“Is right now soon enough for you?”
I made a show of glancing at the time on my cell. “Yeah, I happen to be free. So, what’s the plan?”
We were sitting in one of the briefing rooms at HR headquarters. Eli had just explained he’d been called into a meeting with the NHTF earlier, and that they had a warrant for Arianna’s arrest since she was harboring a known fugitive.
“Well, our intel tells us that Arianna has an appointment away from home tonight. We’re going to try to nab her while she’s away. Then, we’ll see if we can pressure her into releasing information about Alexander and your—and Anna.” His eyes darted away from mine at the last part.
I rolled right on past the awkward mention of my sister. “And if she won’t talk?”
“Well, then we have to try to bust into her apartment.” He leaned back casually in his chair.
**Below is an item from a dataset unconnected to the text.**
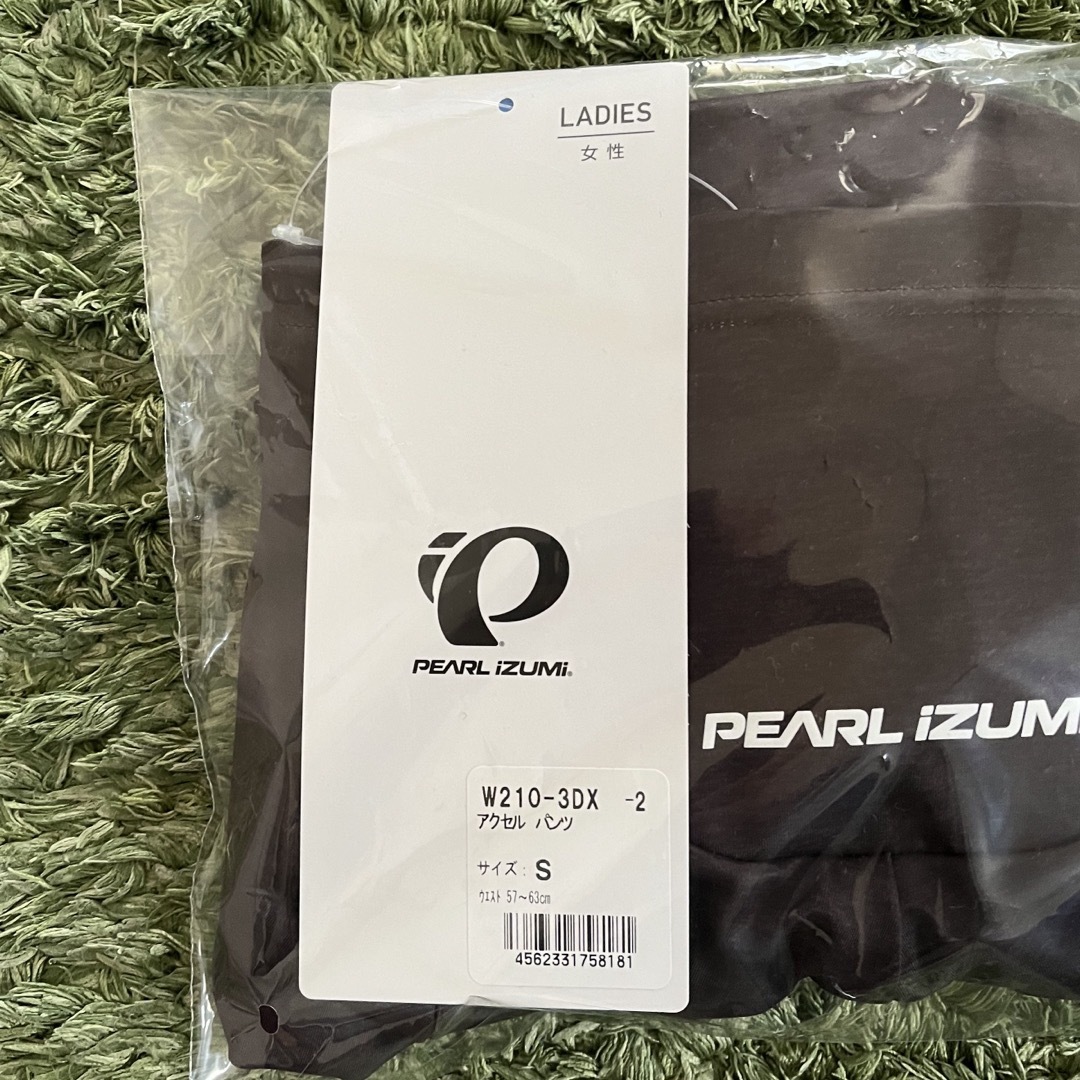 Pearl Izumi(パールイズミ)の新品 パールイズミ レディース用 アクセル パンツ Sサイズ スポーツ/アウトドアの自転車(ウエア)の商品写真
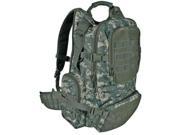 Acu Digital Camouflage Field Operators Action Pack 22 X 16 X 9 Inches Backpack Bag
“You do realize her security system is almost as high tech as the HR’s?”
Eli seemed unperturbed. “We’ve got people with special talents. It shouldn’t be a problem.”
“Alright then. Let’s roll.” We got up and headed out into the hall, where three dozen or so angelic warriors were waiting for us. They fell into line behind me and Eli, and I felt a little like a military leader heading for war.
“Where’s the appointment?” I asked as we piled into big black vans.
“Oh, someplace I’m sure you’ve visited a time or two yourself,” Eli responded, a slight smile on his face.
“You’re not talking about the gynecologist, right? Because immortals don’t have to worry about stuff like that…” I watched his face, a devilish grin on mine.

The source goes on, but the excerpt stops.